**EXERCISE DIRECTIONS**
In the data below, begin at the line with "Pentel Clic Retractable" and stop after the line with "Set of 20 Hand"; output those lines exactly and no pictures.

Extracted records:

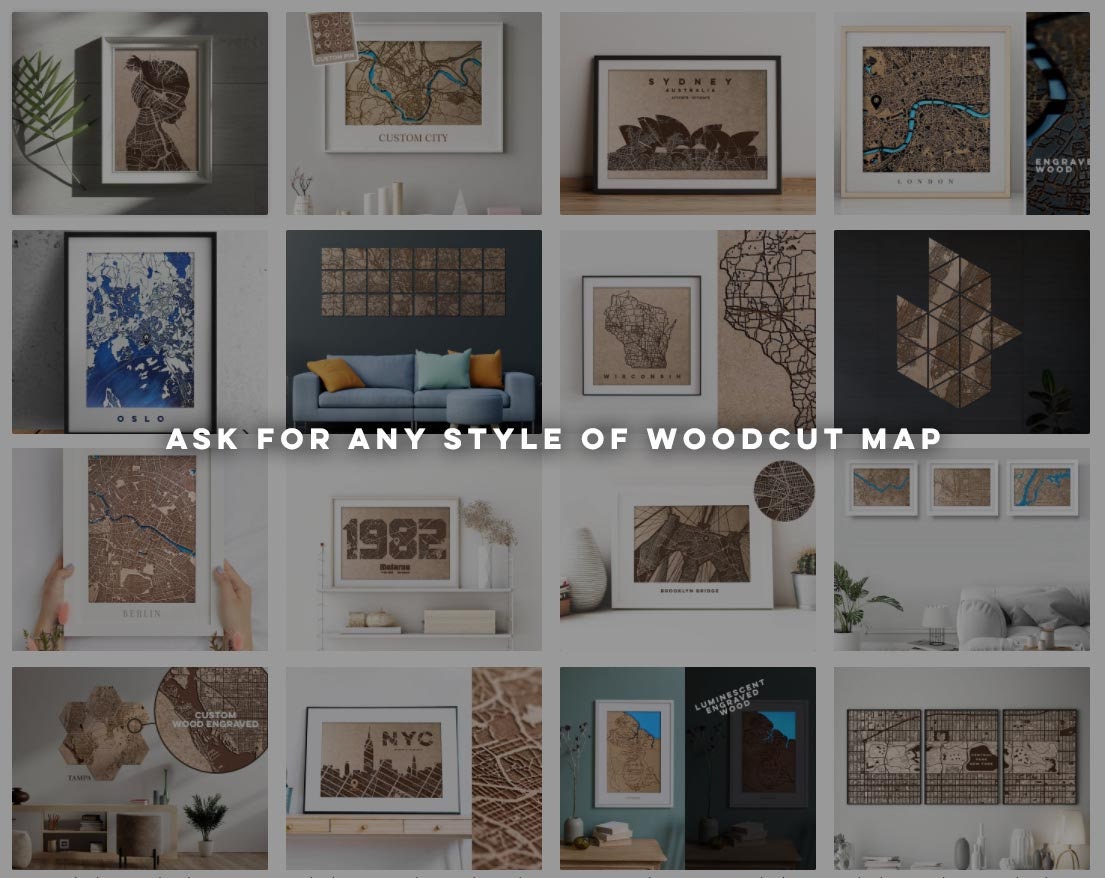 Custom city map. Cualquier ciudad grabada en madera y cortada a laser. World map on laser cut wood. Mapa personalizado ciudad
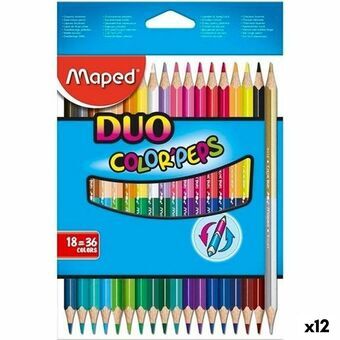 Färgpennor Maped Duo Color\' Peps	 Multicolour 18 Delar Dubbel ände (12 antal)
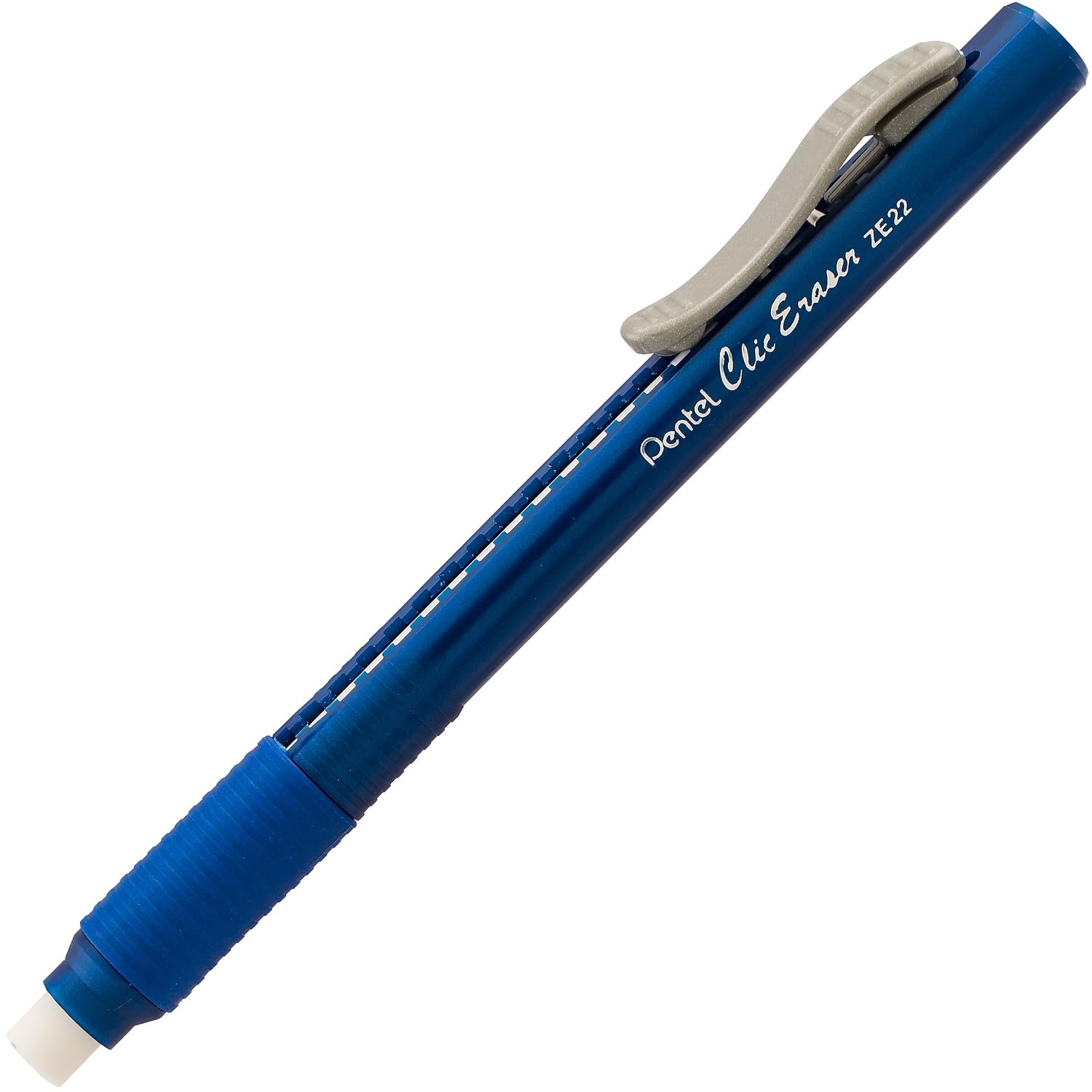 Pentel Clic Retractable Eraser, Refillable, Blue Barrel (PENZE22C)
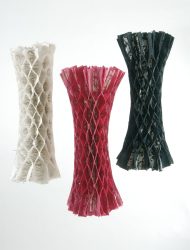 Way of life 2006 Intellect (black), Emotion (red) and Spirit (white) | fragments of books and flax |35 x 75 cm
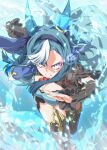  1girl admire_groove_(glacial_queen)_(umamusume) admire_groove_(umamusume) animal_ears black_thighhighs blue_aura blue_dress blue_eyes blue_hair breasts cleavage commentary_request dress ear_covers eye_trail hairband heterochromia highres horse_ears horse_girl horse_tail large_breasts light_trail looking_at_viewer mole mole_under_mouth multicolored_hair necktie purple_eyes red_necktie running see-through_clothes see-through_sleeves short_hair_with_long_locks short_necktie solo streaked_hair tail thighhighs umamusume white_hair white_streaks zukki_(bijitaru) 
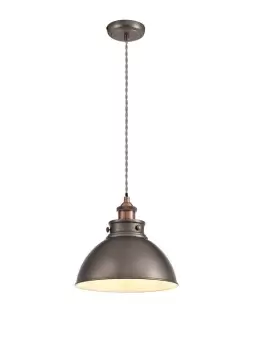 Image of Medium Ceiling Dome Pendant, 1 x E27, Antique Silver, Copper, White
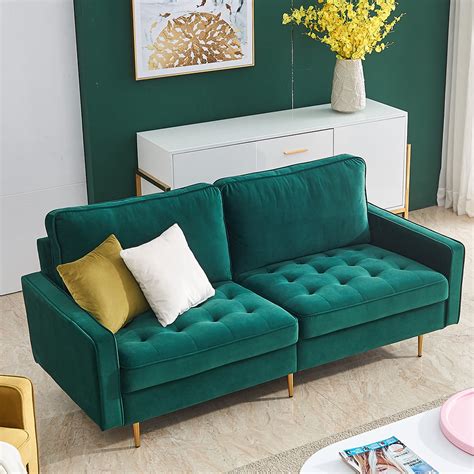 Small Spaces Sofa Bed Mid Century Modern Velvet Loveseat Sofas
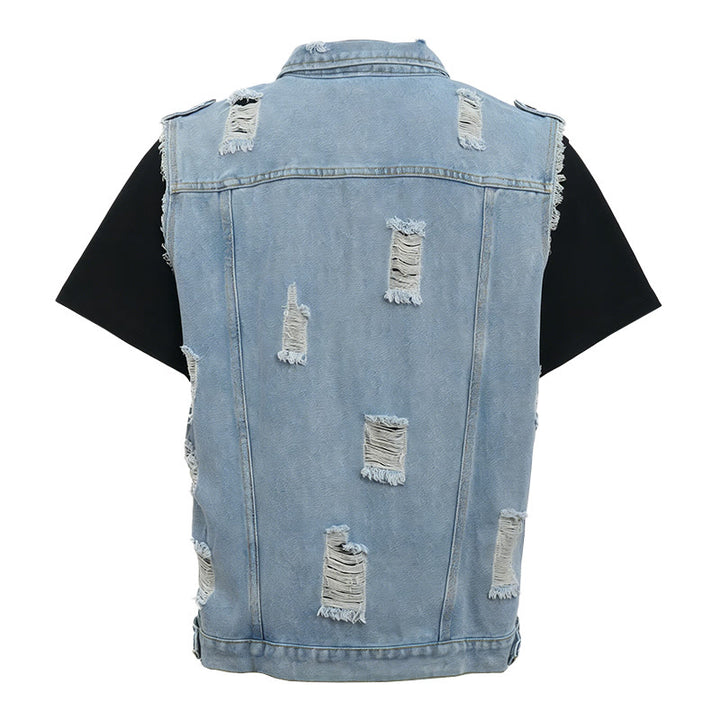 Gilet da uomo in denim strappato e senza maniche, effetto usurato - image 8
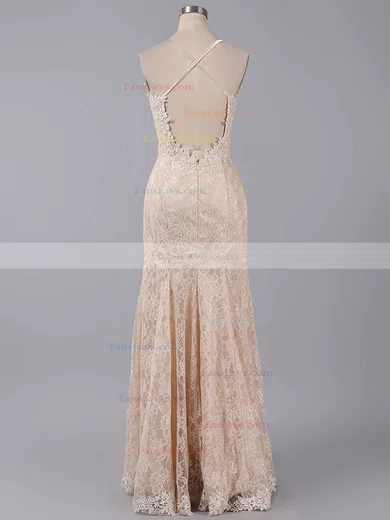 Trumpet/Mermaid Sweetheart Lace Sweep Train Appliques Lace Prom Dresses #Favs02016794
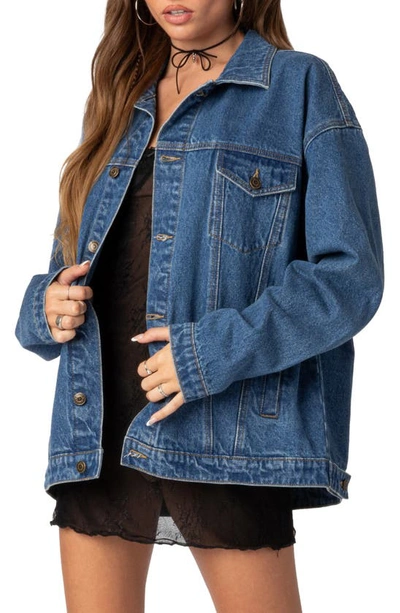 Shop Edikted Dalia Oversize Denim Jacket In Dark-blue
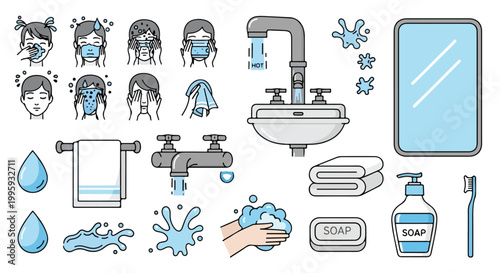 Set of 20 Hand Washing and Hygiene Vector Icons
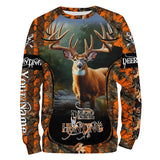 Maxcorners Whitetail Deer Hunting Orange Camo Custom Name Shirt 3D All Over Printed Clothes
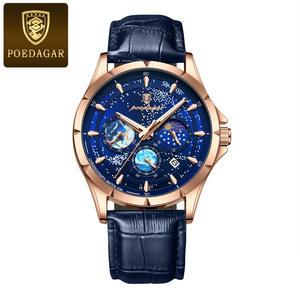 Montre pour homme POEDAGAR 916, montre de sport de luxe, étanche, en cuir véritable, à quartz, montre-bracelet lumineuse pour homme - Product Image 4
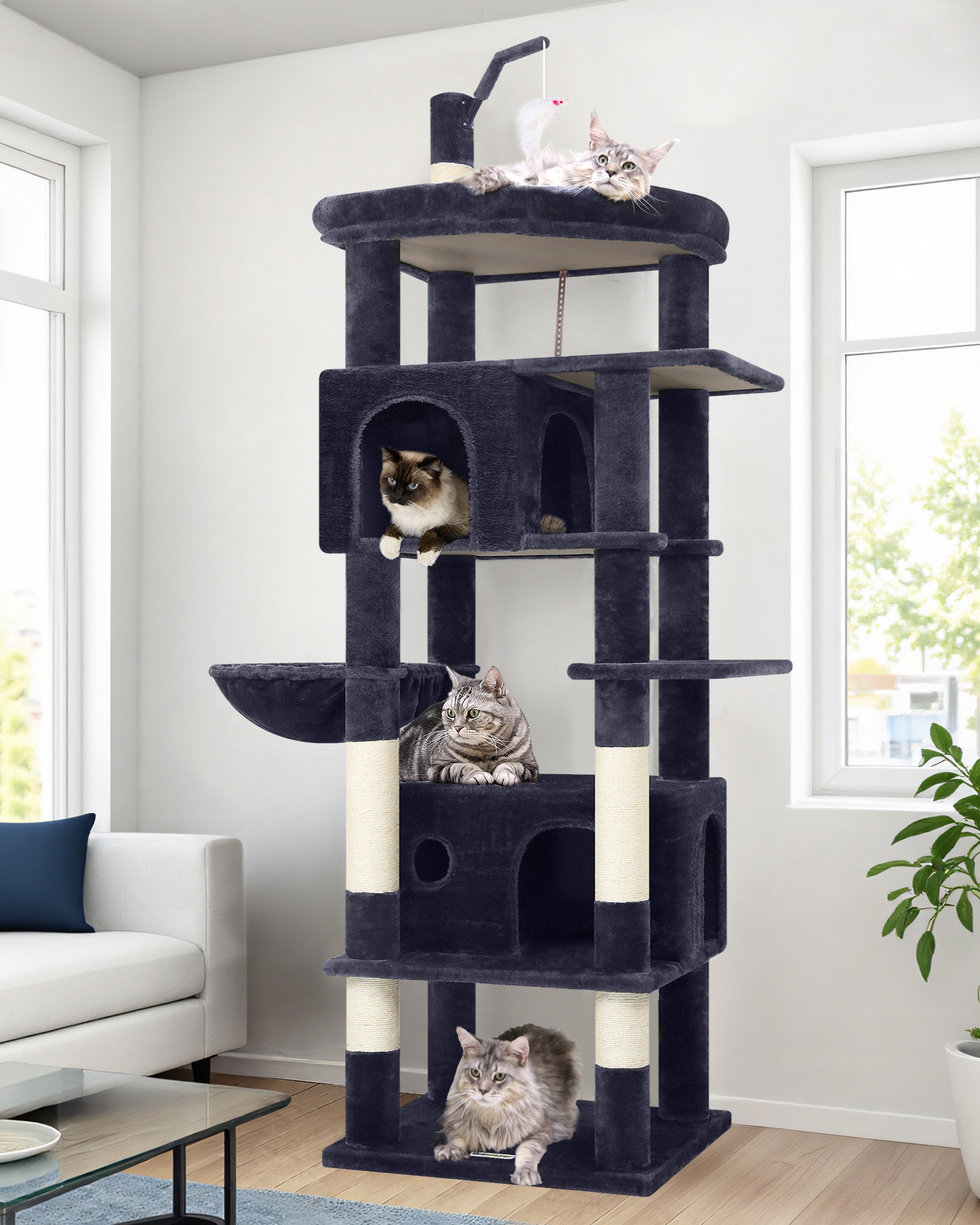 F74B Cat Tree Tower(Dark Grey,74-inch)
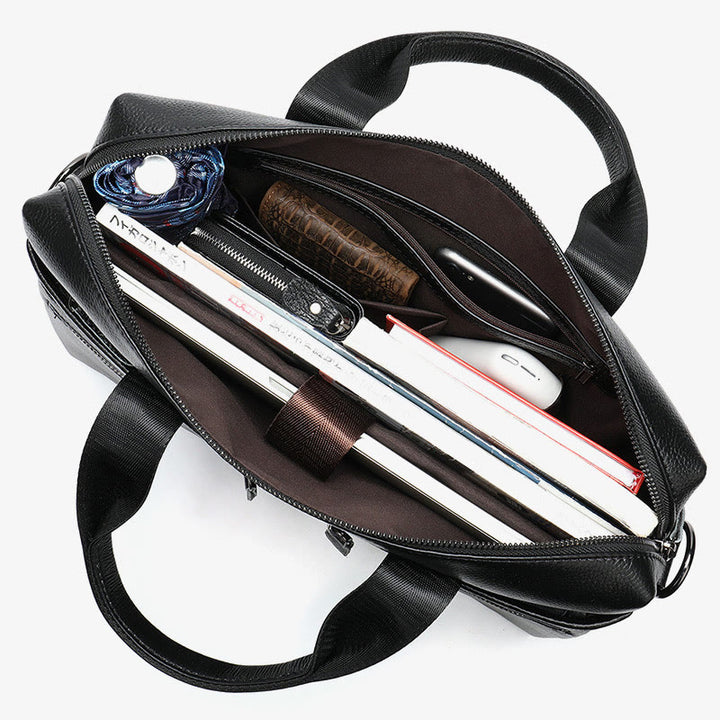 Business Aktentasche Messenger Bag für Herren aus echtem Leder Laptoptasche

**ANSWER SPACE**
 Pentel Clic Retractable Eraser, Refillable, Blue Barrel (PENZE22C)
 Way of life 2006 Intellect (black), Emotion (red) and Spirit (white) | fragments of books and flax |35 x 75 cm
  1girl admire_groove_(glacial_queen)_(umamusume) admire_groove_(umamusume) animal_ears black_thighhighs blue_aura blue_dress blue_eyes blue_hair breasts cleavage commentary_request dress ear_covers eye_trail hairband heterochromia highres horse_ears horse_girl horse_tail large_breasts light_trail looking_at_viewer mole mole_under_mouth multicolored_hair necktie purple_eyes red_necktie running see-through_clothes see-through_sleeves short_hair_with_long_locks short_necktie solo streaked_hair tail thighhighs umamusume white_hair white_streaks zukki_(bijitaru) 
 Image of Medium Ceiling Dome Pendant, 1 x E27, Antique Silver, Copper, White
 Small Spaces Sofa Bed Mid Century Modern Velvet Loveseat Sofas
 Gilet da uomo in denim strappato e senza maniche, effetto usurato - image 8
 Trumpet/Mermaid Sweetheart Lace Sweep Train Appliques Lace Prom Dresses #Favs02016794
 Shop Edikted Dalia Oversize Denim Jacket In Dark-blue
 Set of 20 Hand Washing and Hygiene Vector Icons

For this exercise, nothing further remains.